**Given material:**
□ □ □ □

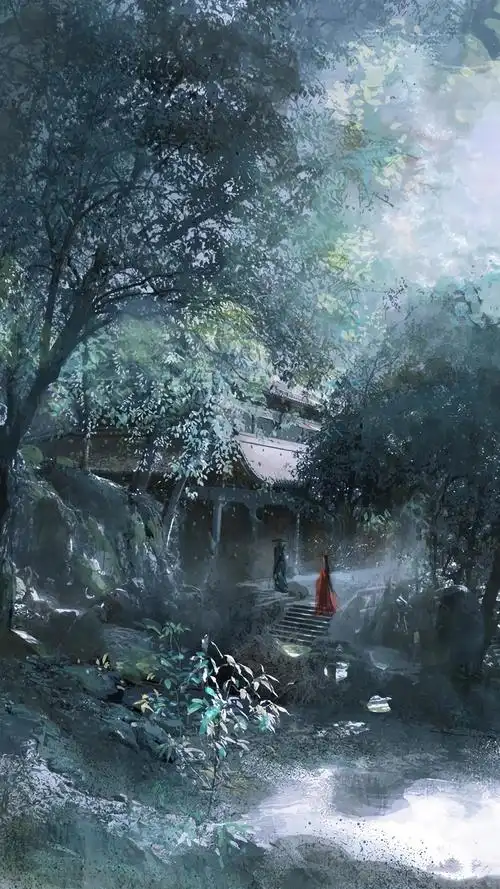 唯美古风场景壁纸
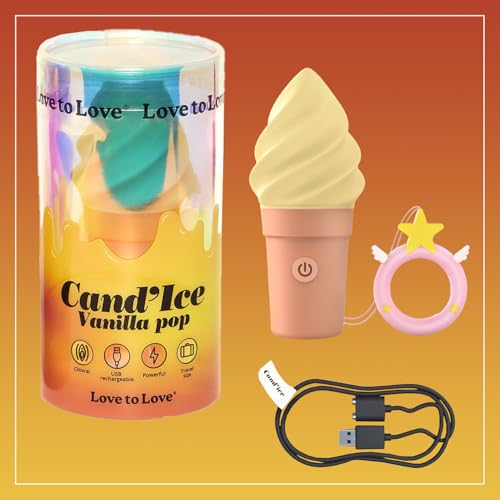 Love To Love Stimulateur Cand'ice Vanilla Pop - 7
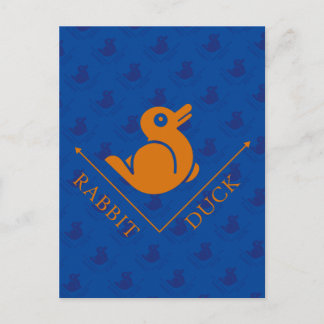 Duck Rabbit Illusion Postcard
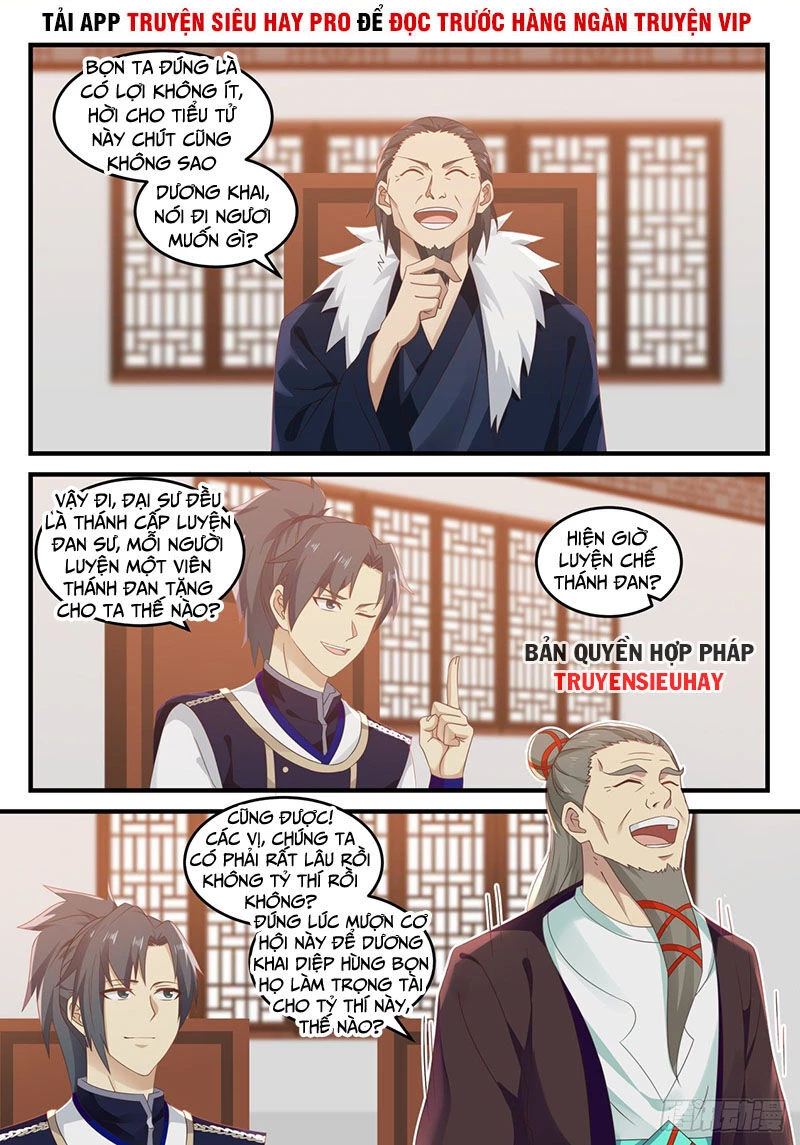 Võ Luyện Đỉnh Phong Chapter 732 - Trang 4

□ □ □ □

Print the stretch of the data from the line with "Duck Rabbit Illusion Postcard" through its last line, exactly and with both ends kept. Omit pictures.

 Duck Rabbit Illusion Postcard
 Võ Luyện Đỉnh Phong Chapter 732 - Trang 4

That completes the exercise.